受精是单倍体精子和卵子细胞核融合形成二倍体合子的过程,使染色体数恢复至 46 条(23 对)。合子经有丝分裂形成胚胎。胎盘使得母体与胎儿间进行养分、氧气和废物的交换,但防止血液混合。
Inheritance: genes are sections of DNA controlling characteristics. Alleles are different forms of a gene. Dominant alleles mask recessive ones. Genotype is the genetic makeup, phenotype is the expression. Monohybrid crosses can be predicted using Punnett squares. Sex inheritance: females XX, males XY; the father determines the sex of the child.
遗传:基因是控制性状的 DNA 片段,等位基因是基因的不同形式。显性等位基因掩盖隐性等位基因。基因型是遗传组成,表现型是外在表达。单基因杂交可用庞纳特方格预测。性别遗传:女性为 XX,男性为 XY;父亲决定孩子性别。
9. Skeletal & Muscular Systems | 骨骼与肌肉系统
The skeleton provides support, protection of vital organs (e.g., skull protects brain, ribcage protects heart and lungs), movement, and production of blood cells in bone marrow. Bones are connected at joints, which can be fixed, slightly movable (vertebrae), or freely movable (synovial joints like knee and elbow).

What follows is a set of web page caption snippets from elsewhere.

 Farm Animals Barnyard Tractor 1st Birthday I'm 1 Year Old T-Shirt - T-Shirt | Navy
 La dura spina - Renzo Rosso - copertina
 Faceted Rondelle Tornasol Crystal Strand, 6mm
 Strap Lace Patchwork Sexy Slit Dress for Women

骨骼提供支撑、保护重要器官(如颅骨保护脑、肋骨保护心肺)、运动,以及在骨髓中制造血细胞。骨在关节处相连,关节可分为固定关节、微动关节(椎骨间)和自由活动关节(如膝关节和肘关节这类滑液关节)。
In a synovial joint, cartilage smooths bone ends, synovial fluid lubricates, and ligaments hold bones together. Tendons attach muscle to bone. Muscles work in antagonistic pairs: biceps and triceps for elbow flexion and extension; when one contracts, the other relaxes.

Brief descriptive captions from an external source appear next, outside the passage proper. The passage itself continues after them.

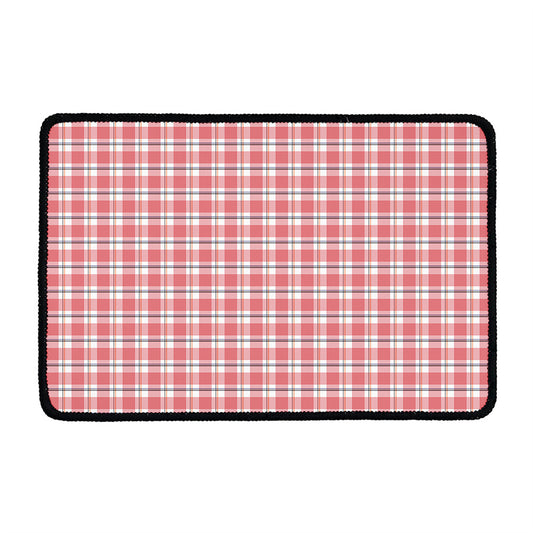 Pastel Madras Pattern Print Kitchen Mat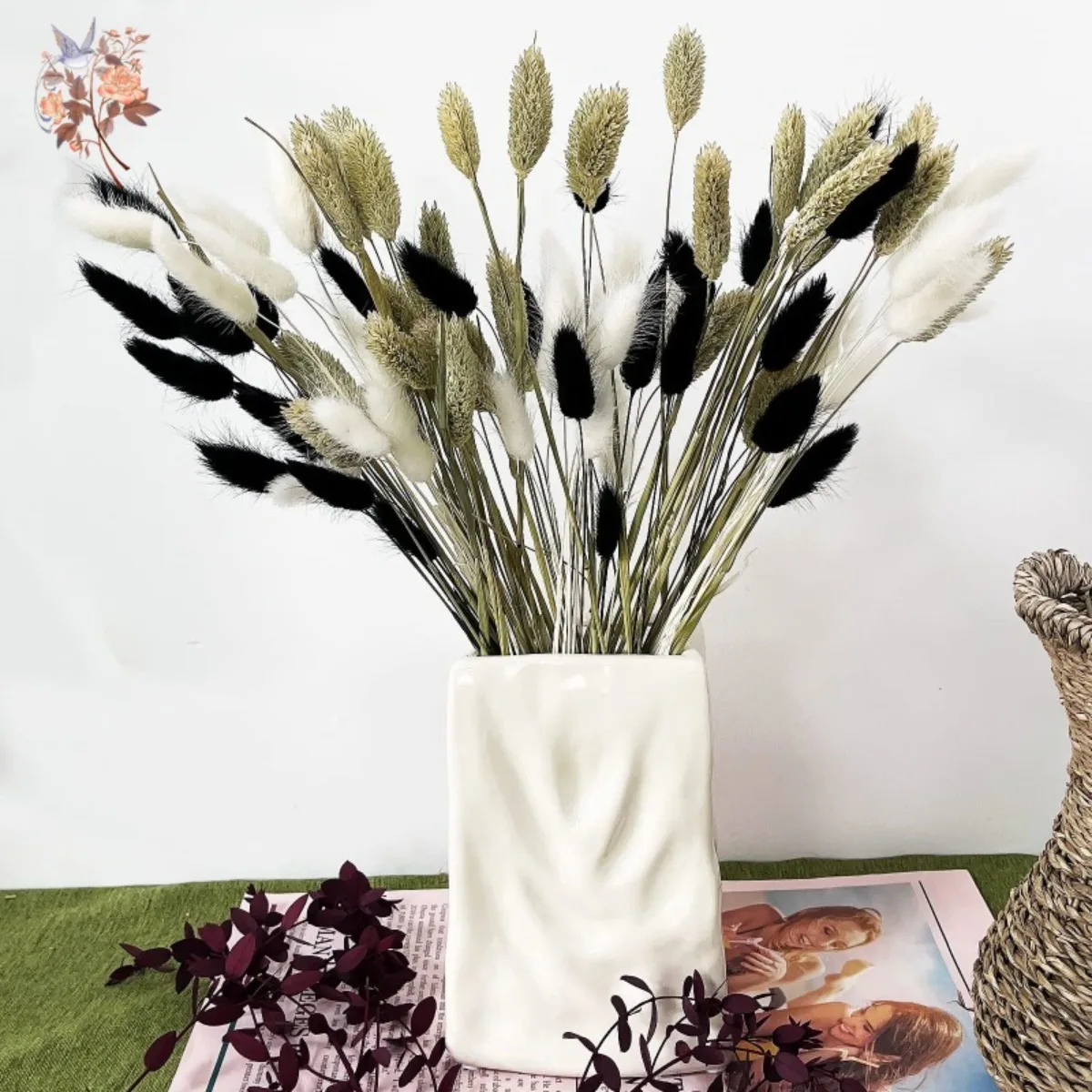 

120Pcs Fluffy Pampas Dried Flowers Bouquet Autumn Christmas Home Decoration Bunny Tail Grass Artifical Flower Boho Wedding Decor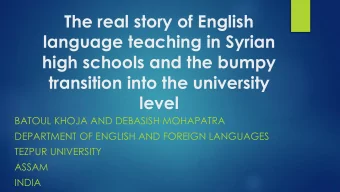 The real story of English  language teaching in Syrian  high schools and the bumpy  transition into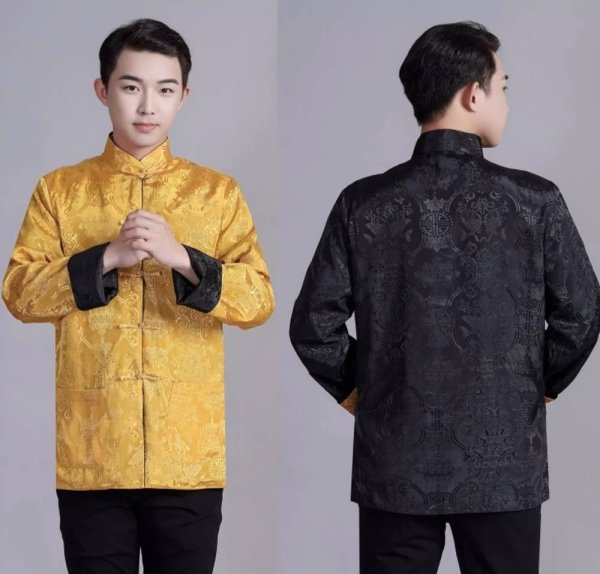 画像8: 唐人服 功夫長袖 リバーシブル カンフージャケット　黒色＋金色 (8)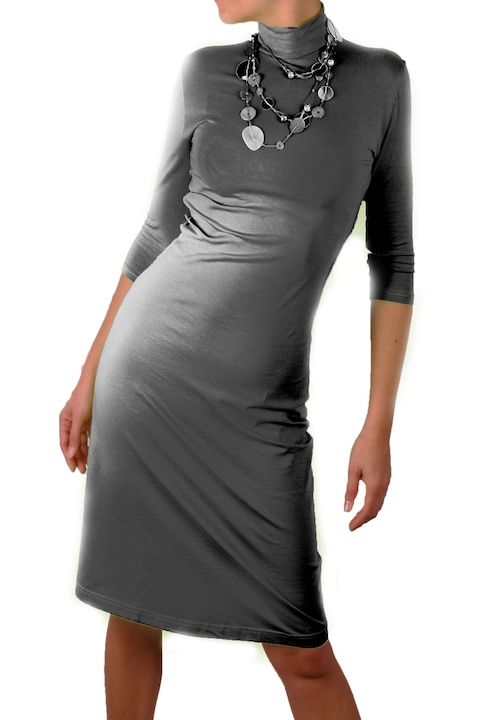 Дамска рокля Ivanel Полуполо, С 3/4 ръкав, Тъмносив, Размер XL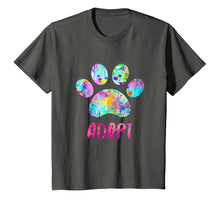 Load image into Gallery viewer, Adopt a Dog Shirt, Watercolor Rescue Dog Paw Print Tee Shirt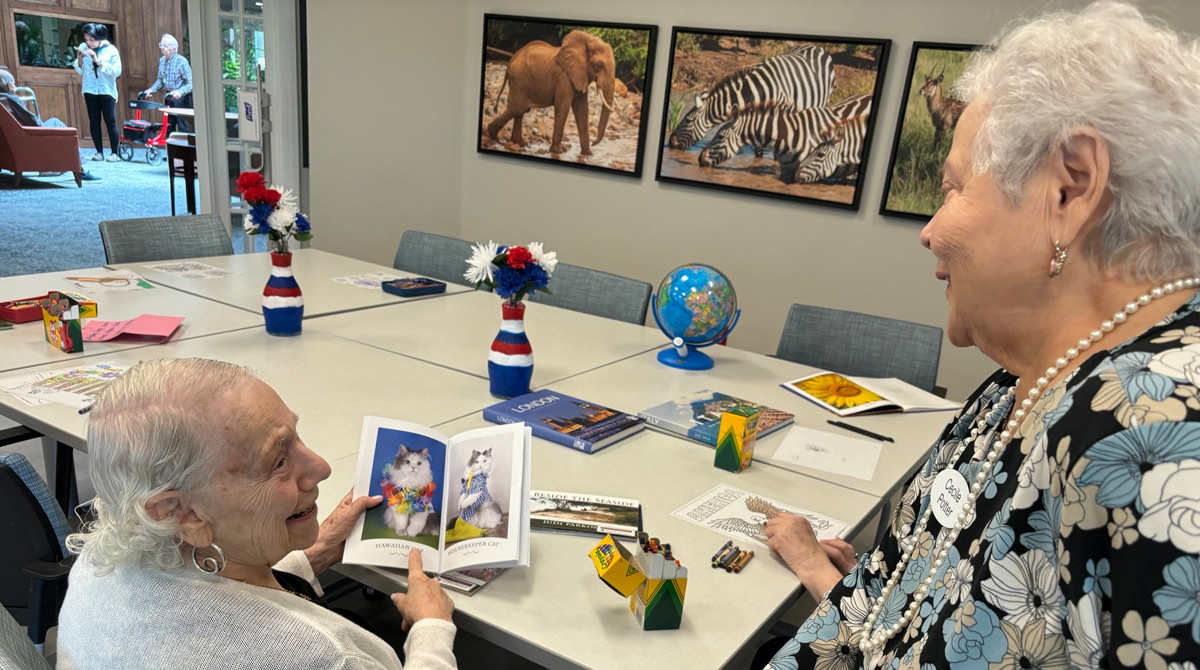 Patron using memory kit at Mark Twain Library in Connecticut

滑液关节中,软骨使骨端光滑,滑液起润滑作用,韧带把骨连接起来。肌腱将肌肉附着于骨。肌肉以拮抗对方式工作:肱二头肌和肱三头肌进行肘部屈伸;一块收缩时,另一块舒张。
10. Human Nutrition & Health | 人体营养与健康
A balanced diet includes carbohydrates, proteins, lipids, vitamins, minerals, dietary fibre and water. Carbohydrates (e.g., starch, sugar) provide primary energy; proteins are needed for growth and repair; lipids for energy stores and insulation; vitamins and minerals for specific functions (vitamin C for healthy skin, calcium for bones, iron for haemoglobin).

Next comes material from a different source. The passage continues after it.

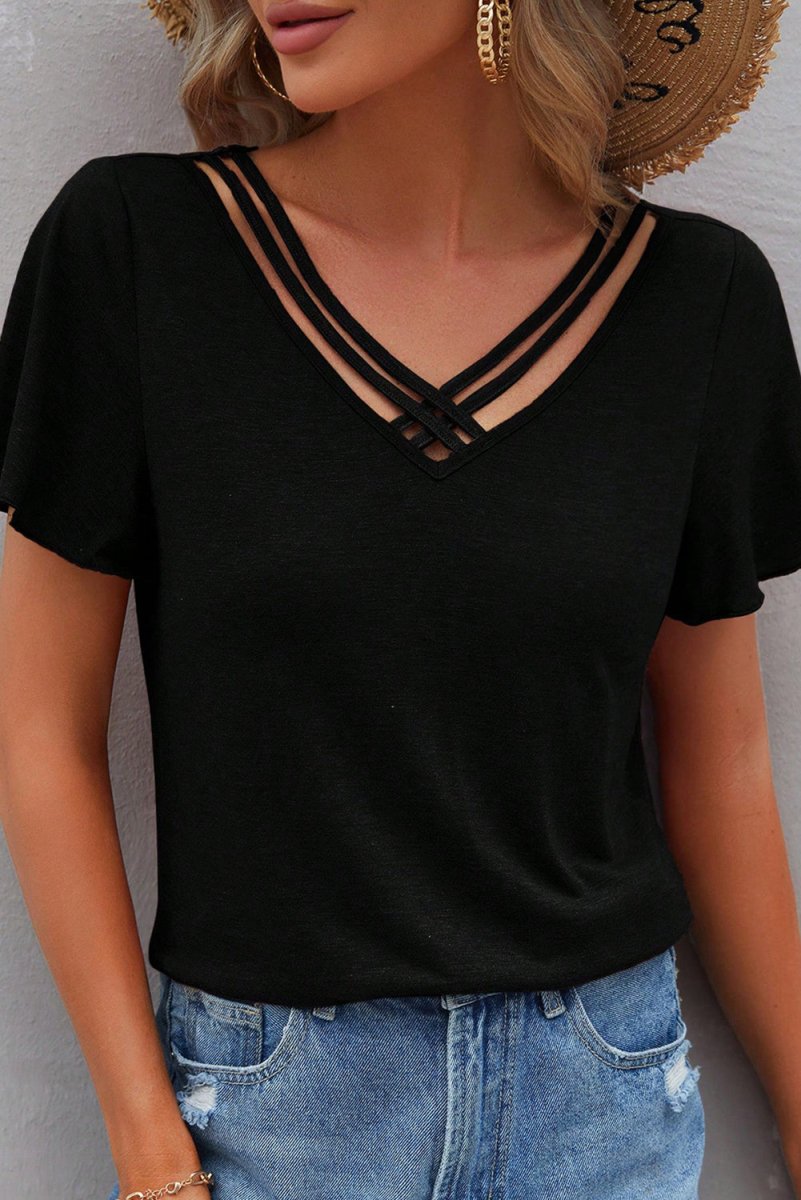 Black Crisscross V Neck Butterfly Sleeve T Shirt for Women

均衡饮食包含碳水化合物、蛋白质、脂类、维生素、矿物质、膳食纤维和水。碳水化合物(如淀粉、糖)提供主要能量;蛋白质用于生长和修复;脂类储存能量并隔热;维生素和矿物质各具特定功能(维生素 C 维护皮肤健康,钙用于骨骼,铁用于血红蛋白)。
Malnutrition: obesity results from excess energy intake; starvation from lack of energy and protein (kwashiorkor). Deficiency diseases: vitamin D deficiency causes rickets; vitamin A deficiency causes night blindness; iron deficiency causes anaemia (fewer, pale red blood cells, fatigue).
营养不良:肥胖源于能量摄入过多;饥饿源于能量和蛋白质缺乏(夸希奥科病)。缺乏症:维生素 D 缺乏导致佝偻病;维生素 A 缺乏导致夜盲症;铁缺乏导致贫血(红细胞少而苍白、疲劳)。
Smoking damages the lungs: tar damages cilia and leads to excessive mucus, causing smoker’s cough and bronchitis; chemicals increase risk of cancer; carbon monoxide binds permanently to haemoglobin, reducing oxygen transport; nicotine increases heart rate and blood pressure, raising cardiovascular disease risk.
吸烟损害肺部:焦油损伤纤毛、导致多痰,引起吸烟者咳嗽和支气管炎;化学物质增加癌症风险;一氧化碳与血红蛋白永久结合,降低氧气运输;尼古丁加快心率、升高血压,增加心血管疾病风险。
Drugs like alcohol can cause liver cirrhosis, and recreational drugs affect the nervous system. Maintaining health involves good diet, exercise, avoiding harmful substances, and understanding how body systems interact to sustain life.
酒精等药物可导致肝硬化,娱乐性药物影响神经系统。保持健康需良好饮食、锻炼、远离有害物质,并理解各系统如何相互作用以维持生命。